Smyrna Antik Kenti'nin 2 bin yıllık su kanalları halen ilk günkü gibi çalışıyor. İzmir Katip Çelebi Üniversitesi Türk-İslam Arkeolojisi Bölümü Öğretim Üyesi ve Smyrna Antik Kenti Kazı Heyeti Başkanı Prof. Dr. Akın Ersoy, "Kanaldaki suyu Smyrna Agorası'nın çimlerinin sulanması için kullanıyoruz. Kent içindeki park ve bahçelerin sulanması için de bu suyu veriyoruz" dedi.
Unesco mirası
İzmir merkezindeki en büyük antik dönem agoralarından biri Smyrna Agorası ile Akdeniz'in en büyük tiyatrolarından biri olan Smyrna Tiyatrosu, çalışmalarla gün yüzüne çıkarılıyor.

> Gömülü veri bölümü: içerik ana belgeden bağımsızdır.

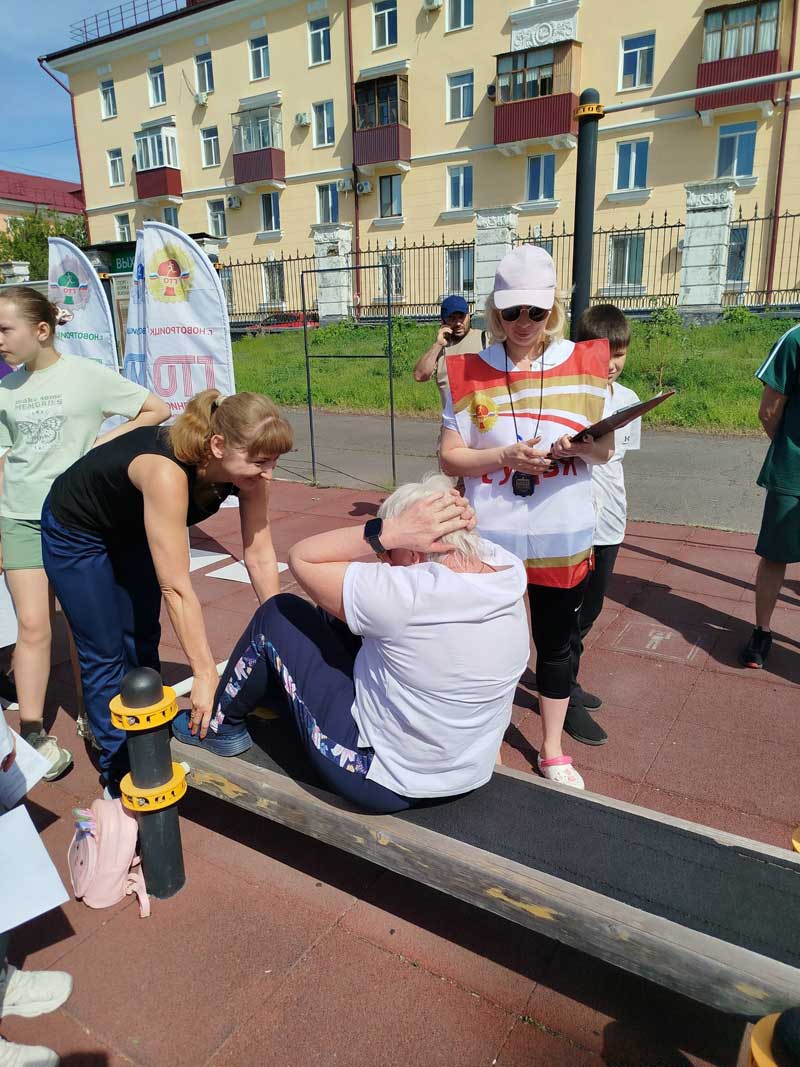 В Новотроицке на старты городского фестиваля ГТО вышли семейные команды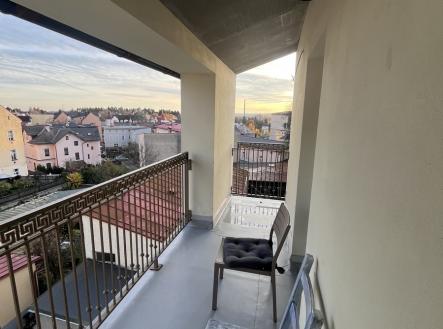 Pronájem bytu, 2+kk, 58 m²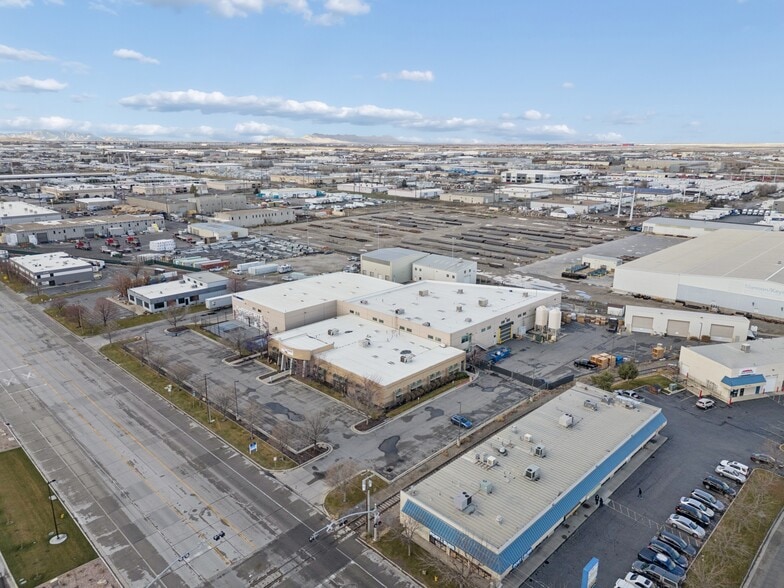 More Photos Of 2330-2350 W California Ave, Salt Lake City Unknown For Lease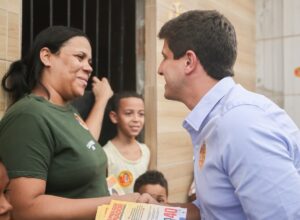 João Campos promete levar pavimentação e saneamento a mais de mil ruas da RMR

Kadifekale'den Kemeraltı'na kadar uzanan ve Büyük İskender tarafından 193 hektarlık alanda kurulan kentte gerçekleştirilen arkeolojik kazılarda, Helenistik Dönem'den Geç Osmanlı Dönemi'ne kadar olan tarihsel sürece ait binlerce obje keşfediliyor. UNESCO tarafından 2020 yılında 'İzmir Tarihi Liman Kenti' adıyla oluşturulan miras alanının bir parçası olarak Dünya Mirası Geçici Listesi'ne dahil edilen alandaki Smyrna Antik Kenti'nde yapılan kazılarda, milattan sonra 1'inci ila milattan sonra 4'üncü yüzyıl arasına ait kase, tabak, leğen, süzgeç, kandil, testi, dokuma ağırlıkları, tabak ve kapaklar gibi Roma Dönemi'ne ait mutfak ve ev aletleri bulundu.
Smyrna adı nereden geliyor?
Günümüzde İzmir olarak kullanılan isim, Smyrna kelimesinin dönüşmüş biçimi olarak biliniyor. Smyrna kelimesinin daha erken biçimlerinin Smira, Lesmira, Zmirra, İsmira, Samorna veya Smurna olduğu da iddia edilmektedir. Smyrna kelimesinin kullanılmasında, kentin kurulduğu yerin yakınında bir kutsal alanın bulunmasının etkili olduğu sanılmaktadır. Bu kutsal alanın, Halkapınar kaynağı ve bu kaynağın oluşturduğu gölcük olduğu iddia edilmektedir. Smyrna ve İzmir adının, Ana Tanrıça Kaynağı veya Gölcüğü veya en azından Ana Tanrıça ve Kutsal Ana anlamlarıyla ilgili olduğu düşünülmektedir. Sözcüğün büyük olasılıkla Hitit kökenli olması üzerinde duruluyor.